Le même attachement au portefeuille de la Justice se fait naturellement sentir chez le CPL. Ainsi, Ibrahim Kanaan, député du Metn, a assuré que Michel Aoun tient à obtenir la Justice. Dans un entretien télévisé, M. Kanaan a estimé que priver le président du ministère de la Justice serait « un faux pas », dans la mesure où il porte un projet qu’il veut réaliser. « La quote-part des FL inclut la vice-présidence du Conseil avec trois portefeuilles conformes au critère unifié qui est de mise, a encore dit M. Kanaan, assurant que « les solutions existent si les bonnes intentions convergent vers la mise sur pied d’un gouvernement ».
En face, Meerab semble commencer à assouplir sa position, tout en mettant les points sur les « i » au sujet du ministère de la Justice. Celui-ci était d’ailleurs au menu de la rencontre samedi entre le Premier ministre désigné, Saad Hariri, et le leader des FL, Samir Geagea. Étaient présents les ministres sortants de la Culture, Ghattas Khoury (Futur) et de l’Information, Melhem Riachi (FL). Ce dernier s’est entretenu à nouveau hier avec M. Hariri, avant de rencontrer Waël Bou Faour, député joumblattiste de Rachaya. Une réunion qui ne peut être dissociée de la coordination qui va bon train entre les FL, le Futur et le Parti socialiste progressiste depuis le début des tractations ministérielles.
Lors de la réunion du samedi, MM. Geagea et Hariri ont examiné « les solutions alternatives » si besoin est, précise un cadre FL à L’OLJ. Les milieux de Meerab assurent, toutefois, que le parti n’a jamais demandé la Justice. Ce portefeuille lui a été attribué par le Premier ministre désigné à l’issue de sa dernière rencontre avec Michel Aoun, mercredi dernier à Baabda.

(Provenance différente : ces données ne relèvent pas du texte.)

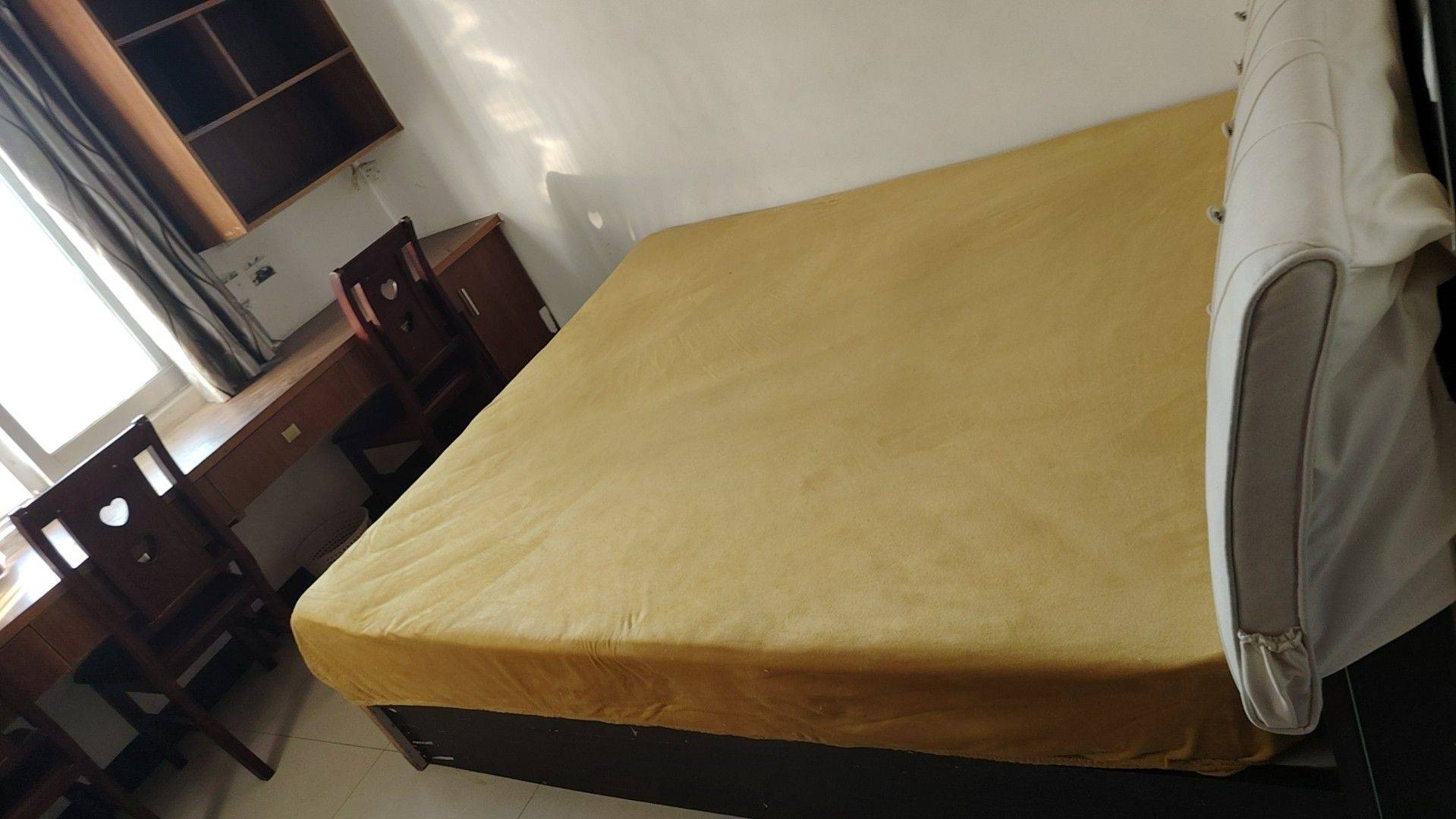 寻找室友合租， 卧室一角 有热水器，空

Contacté par L’OLJ, Fadi Saad, député FL de Batroun, tient à préciser que sa formation « ne se bat pas pour obtenir le ministère de la Justice, mais pour une représentation gouvernementale conforme à son poids populaire issu des législatives de mai dernier ». Une position qui pourrait signifier que les FL accepteraient un ministère de la même importance que la Justice.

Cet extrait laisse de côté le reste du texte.